Griffith slams critics of TTPS hospital: While they work, you sleep
Police Commissioner Gary Griffith is defending the need for a private hospital for members of the TTPS after he noted "misguided" comments on social media.
On December 3, 2019, Griffith announced plans for the facility which he said will reduce the expense of private hospital visits.
In a statement on Monday, he provided the following information:
"- The building already exists and is located at the Police Training Academy, St James, and the CoP is simply operationalizing and upgrading the system to make it more accessible and
efficient in service to Police Officers.
- It should not simply be seen as an expense, as it will reduce cost, where TTPS has been spending millions of dollars annually, as Police officers have been going to private
institutions for specialized medical care. This Police Hospital will also be able to meet the specialized care needs of officers.
- By reducing this annual cost, it will actually save taxpayers more money and assist in the effectiveness of the Police Service to have officers attended to; and back out to work in a timely
basis where it is possible, this will eliminate the time wasted waiting for assistance at other health institutions.

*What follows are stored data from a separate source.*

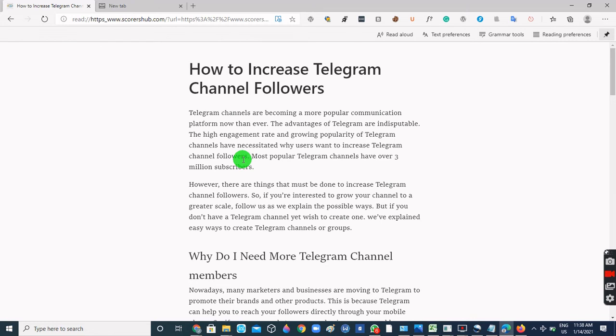So guys, that's all about the Immersive Reader mode. I hope you find this video helpful. I'll see you again soon.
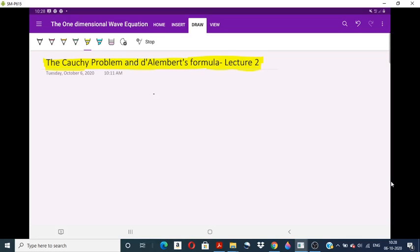Hello all, welcome to the new lecture on the one-dimensional wave equations of PDE. In this lecture, we will discuss the Cauchy problem and D'Alembert's formula for the one-dimensional wave equation. In the previous lecture, we discussed the canonical form and general solution of the one-dimensional wave equation. Here we will continue with the Cauchy problem and D'Alembert's formula.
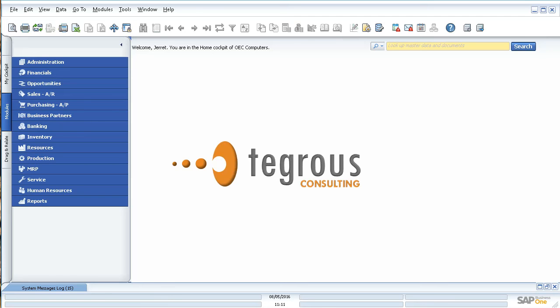Alright, welcome to today's session with Tegres Consulting. My name is Jarrett Donaldson and I'm a consultant here on the team.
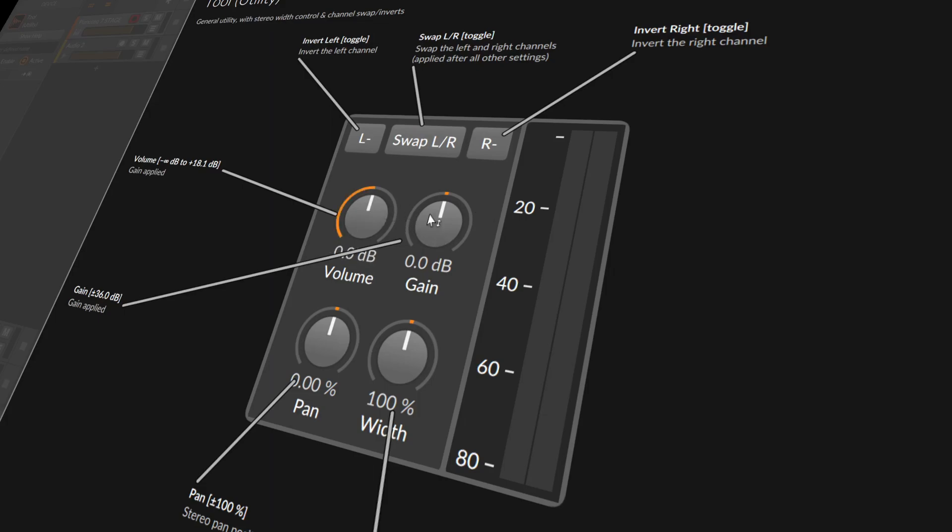You can use both, or maybe if you want to boost above 80 dB, 81 dB, then you can additionally use the gain knob here.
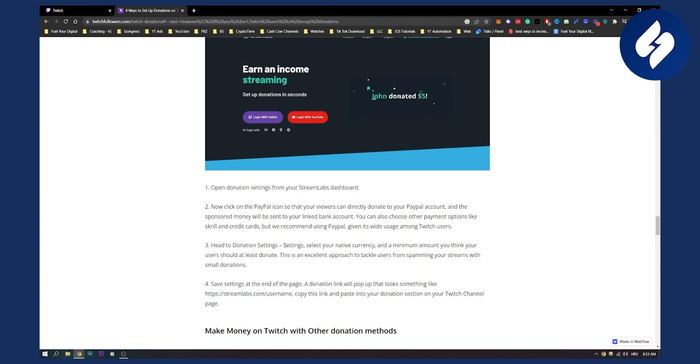Then you can head to the donation settings, select your native currency, and add a minimum amount you think your user should at least donate. This is an excellent approach to tackle users from spamming your streams with small donations. Then save settings at the end of the page.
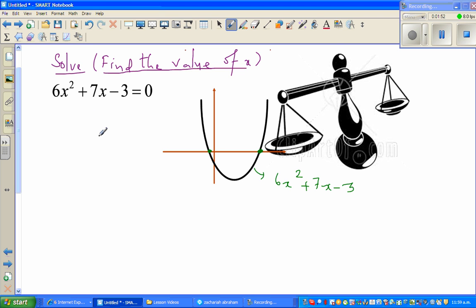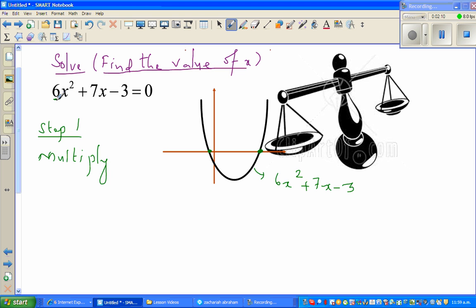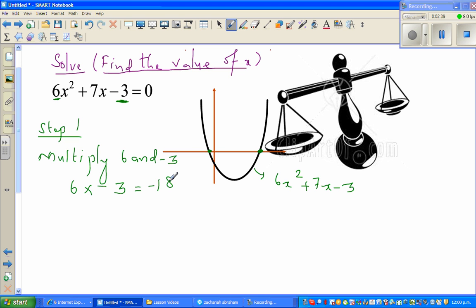In this quadratic equation you can't simply put it in brackets easily, so I'll go step by step. Step one: multiply the coefficient of x squared, which is six, by the constant, which is negative three. So six times negative three gives you negative eighteen.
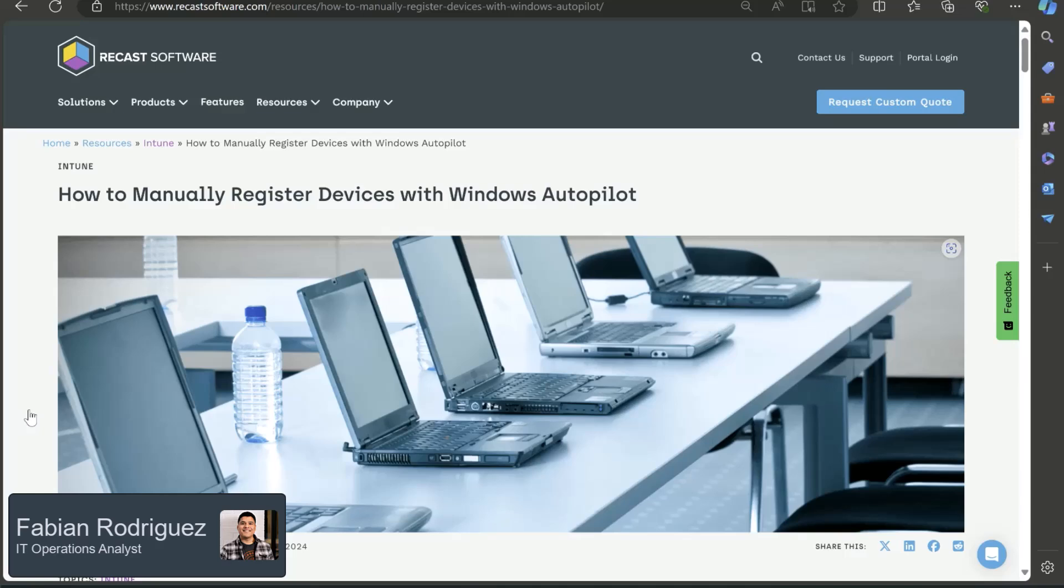I will be going over how to manually register devices with Windows Autopilot. And you might be wondering, what is Windows Autopilot? It's a cloud-based service that simplifies setup and configuration of new devices.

- On a daily basis, there are on average 100 officers seeking medical assistance and only one doctor available who can see an average of 15 persons per day. This has proven to be counter-
productive and is inefficient.
- Police officers who complete their period of sick leave, are required to be cleared before resuming duties and having the dedicated police hospital will improve the timeliness of
declaring an officer fit to work, thereby building the manpower within the TTPS."
The top cop believes upgrading the police hospital will improve morale and motivation within the service.
He says, “whilst those who criticize this proactive approach are asleep at 2:00 am, hundreds of officers are on duty throughout the night, and they are human and may fall ill. At times it may just require minor medication. Whereas previously it may have taken hours for them to be taken care of in a public health facility, with the hospital being opened 24/07, it can ensure that they are quickly taken care of so they can get back on the streets during the night to secure the same individuals who criticize.”
Calling concerns raised by the public "unfortunate" Griffith pledges to continue to do what is needed for the benefit of his officers and the service.
"...it is indeed unfortunate that anyone should see this as a negative, but based on the aforementioned factors, the establishment of a well-staffed and equipped Police Hospital, is needed, and as a leader, I would do what is required to look after the well-being and welfare of those under my command.”